I cacciatori di foche della baia di Baffin/2. Gli orsi bianchi

Da Wikisource.
2. Gli orsi bianchi

../1. Attraverso i ghiacci della baia di Baffin ../3. La scomparsa del Polaris IncludiIntestazione 30 marzo 2020 100% Da definire

1. Attraverso i ghiacci della baia di Baffin 3. La scomparsa del Polaris


[p. 138 modifica]

CAPITOLO II.

Gli orsi bianchi.


I
tre marinai della Shannon, vedendo cadere il loro vecchio mastro e l’orso precipitarsi innanzi, si erano coraggiosamente lanciati in soccorso del pover’uomo. Vedendo però che non potevano giungere in tempo in causa della neve che non si era ancora indurita e che imprigionava i loro piedi, scaricarono le loro carabine, colla speranza di abbattere il formidabile avversario.

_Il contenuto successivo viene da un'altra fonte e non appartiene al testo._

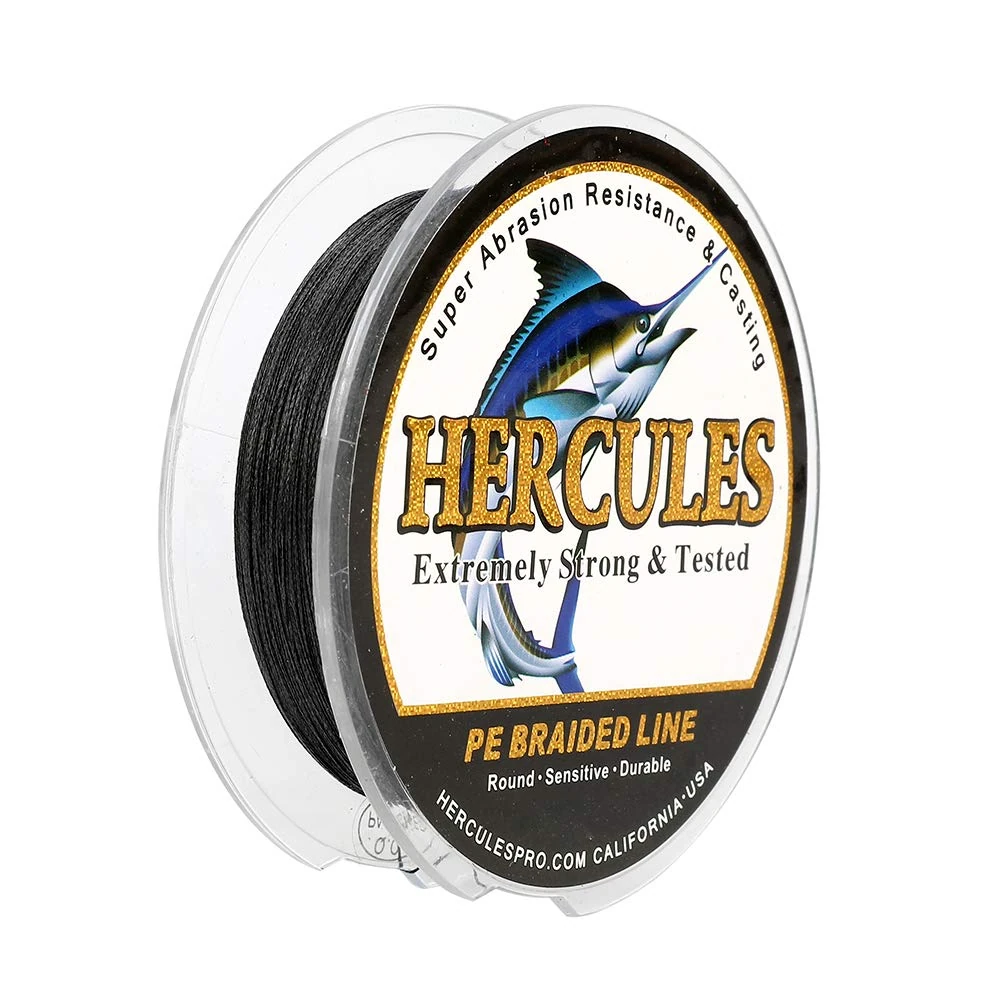 Hercules Super Strong 100M 109 Yards Braided Fishing Line 6 LB Test for Saltwater Freshwater PE Braid Fish Lines 4 Strands - Black, 6LB (2.7KG), 0.08MM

La belva, toccata da qualche palla, infatti cadde, ma si rialzò prontamente. La sua pelliccia era macchiata di sangue un po’ sotto la spalla destra, ma forse quella ferita non era mortale, possedendo quei mostri dei ghiacci eterni una vitalità veramente prodigiosa, pari a quella degli orsi grigi delle Montagne Rocciose.

Quel momento di sosta era bastato pel vecchio Tyndhall. Con un’agilità sorprendente pei suoi cinquant’anni, il gigante si era rialzato. Aveva lasciato nella neve il fucile, arma ormai inutile quanto un bastone, ma aveva impugnato il bowie-knife.

Vedendo l’orso venirgli addosso, invece di attenderlo lo caricò con grande furia, a corpo perduto, puntandogli un ginocchio nel ventre per non farsi stritolare le ossa [p. 139 modifica] o soffocare fra la folta pelliccia, poi colla mano armata vibrò una coltellata così violenta che la lama intera si immerse.

Quantunque nuovamente ferito, e forse mortalmente, la belva non cadde. Aveva strette le zampacce attorno all’avversario e cercava di soffocarlo con una potente stretta, mentre colle mascelle tentava di stritolargli il cranio; ma mastro Tyndhall non era alla sua prima lotta e mentre abbassava sempre più il capo, col ginocchio puntava con sovrumano vigore.

– Tenete fermo, padrone! gridarono i marinai, che avevano impugnati i ramponi.

– Non temete, rispose il mastro, che non abbandonava il manico del coltello. Cacciate un rampone nel corpo di questo vecchio birbone!

Charchot, che già si trovava vicino, alzò la terribile arma, munita di un ferro di lancia in forma di V, ma coi margini interni assai grossi, e vibrò un colpo disperato. La lama scomparve tutta intera nel dorso dell’orso troncandogli la spina dorsale e vi rimase infissa.

Quel colpo, vibrato con grande destrezza, era mortale. Tyndhall sentì la stretta allentarsi, poi vide il colosso piombare a terra, agitato da furiose convulsioni.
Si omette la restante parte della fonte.